Look through the records below for the line holding "Mike Gonzalez banner". Write it out exactly, with each following line through the line holding "Pantalla universal JCID".

▶ PROVIDED ENTRIES
:::::
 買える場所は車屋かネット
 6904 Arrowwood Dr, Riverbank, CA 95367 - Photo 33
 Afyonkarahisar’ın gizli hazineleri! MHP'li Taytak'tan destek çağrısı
:::::
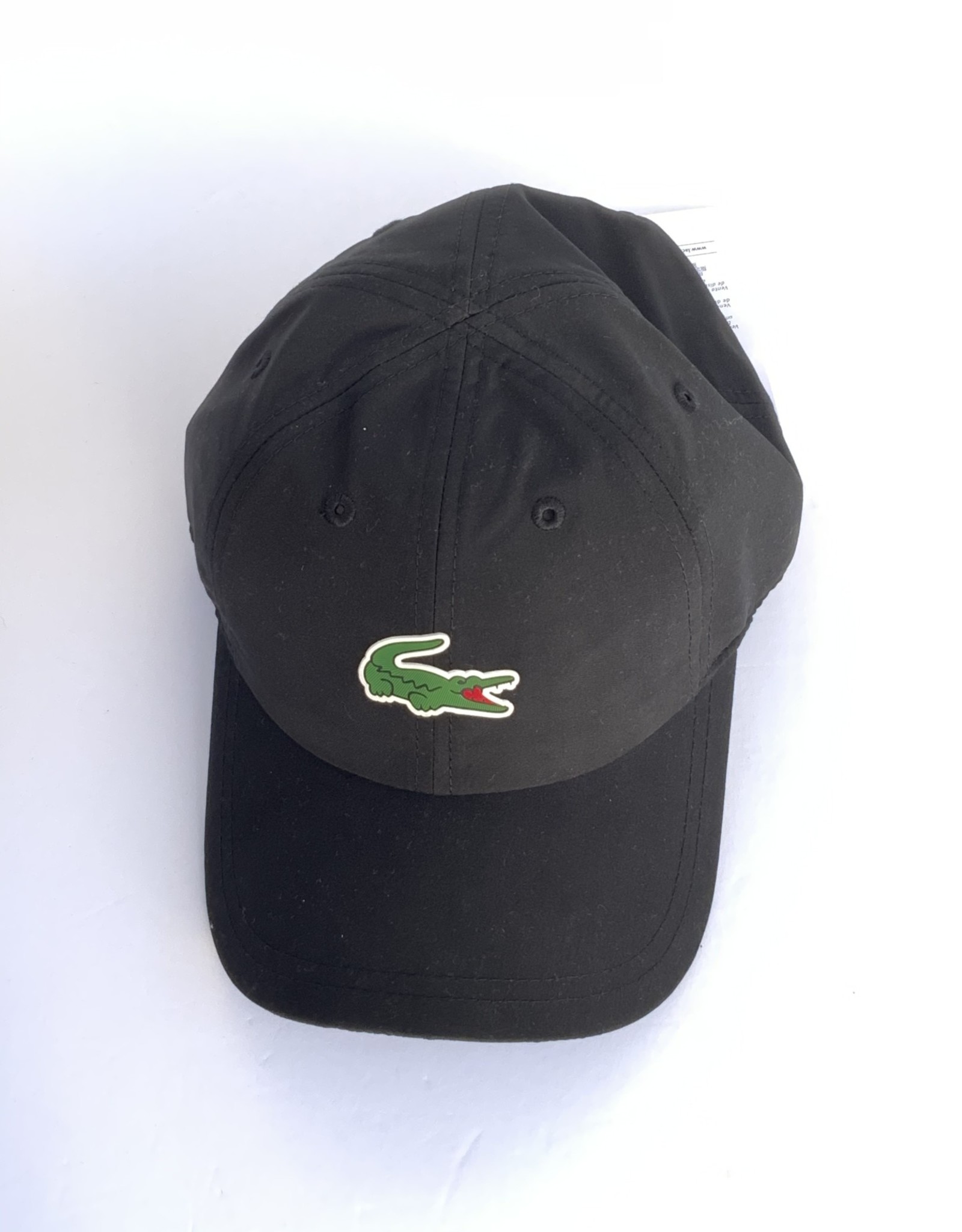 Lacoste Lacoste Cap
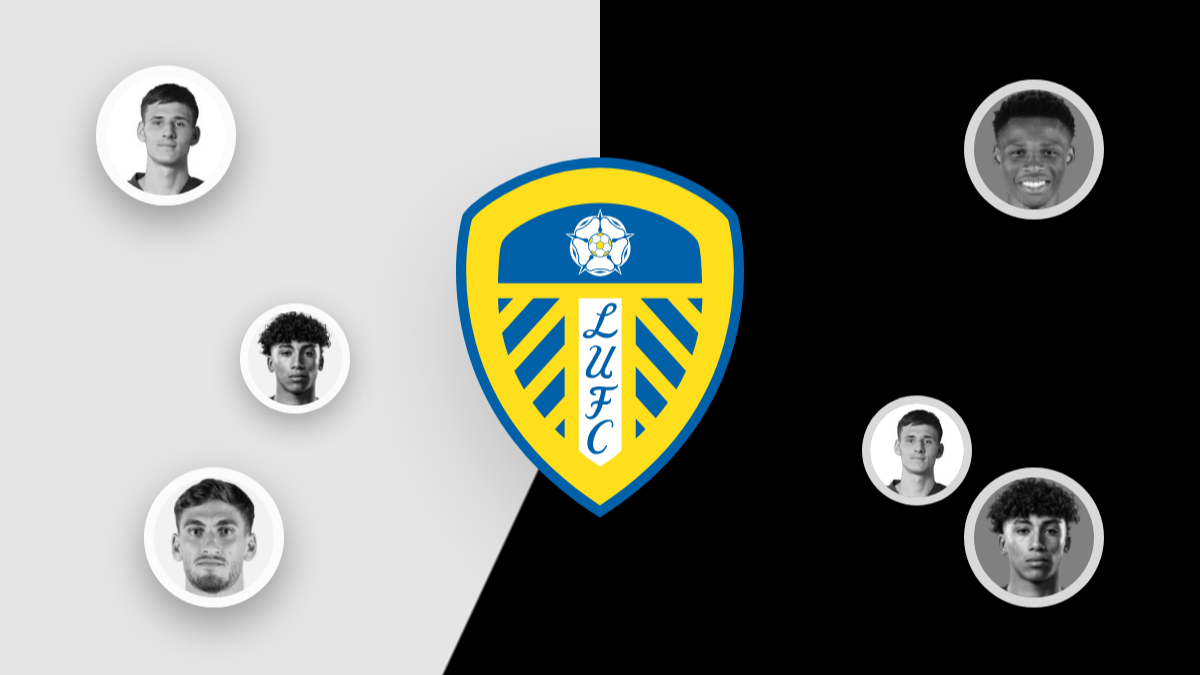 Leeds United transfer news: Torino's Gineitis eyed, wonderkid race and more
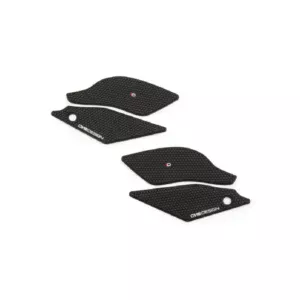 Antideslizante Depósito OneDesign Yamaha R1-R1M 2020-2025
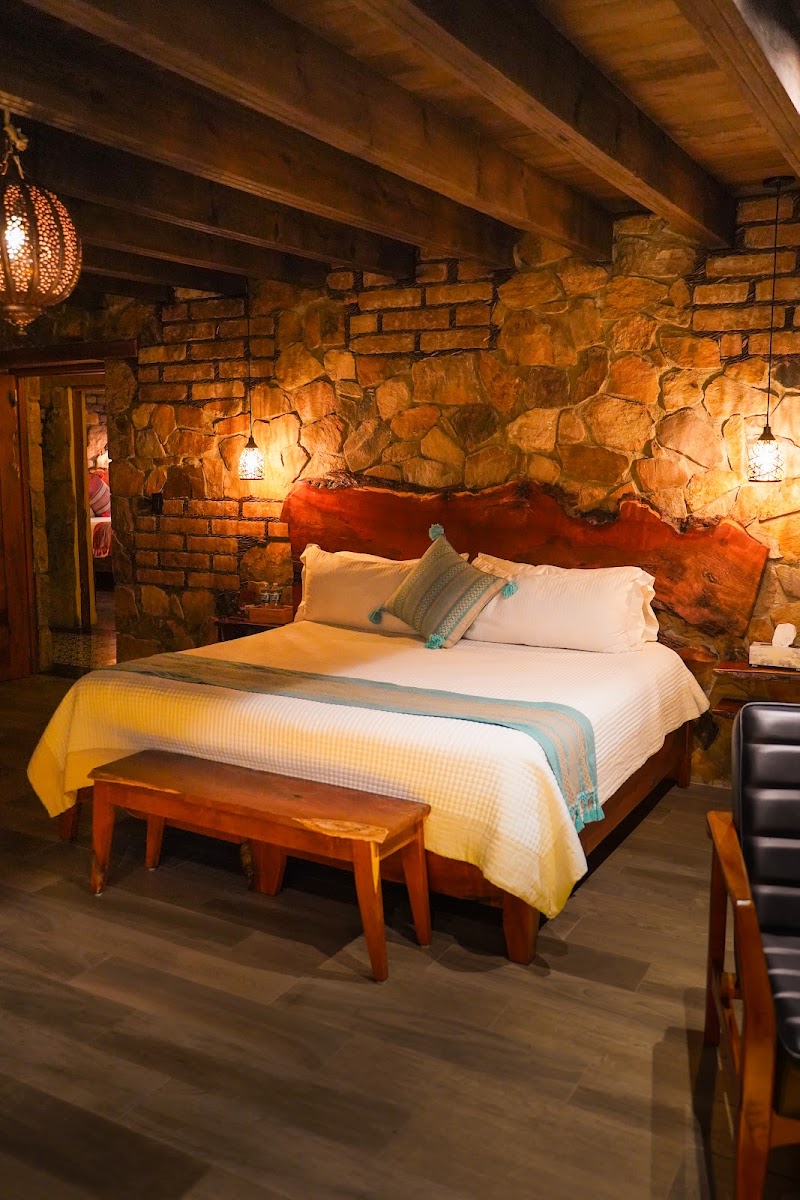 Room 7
:::::
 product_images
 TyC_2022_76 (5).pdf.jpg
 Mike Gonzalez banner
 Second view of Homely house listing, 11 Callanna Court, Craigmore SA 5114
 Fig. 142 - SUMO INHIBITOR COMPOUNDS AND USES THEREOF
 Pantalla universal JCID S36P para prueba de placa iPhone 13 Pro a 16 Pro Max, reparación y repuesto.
:::::
▶ OUTPUT OF THE TASK
 Mike Gonzalez banner
 Second view of Homely house listing, 11 Callanna Court, Craigmore SA 5114
 Fig. 142 - SUMO INHIBITOR COMPOUNDS AND USES THEREOF
 Pantalla universal JCID S36P para prueba de placa iPhone 13 Pro a 16 Pro Max, reparación y repuesto.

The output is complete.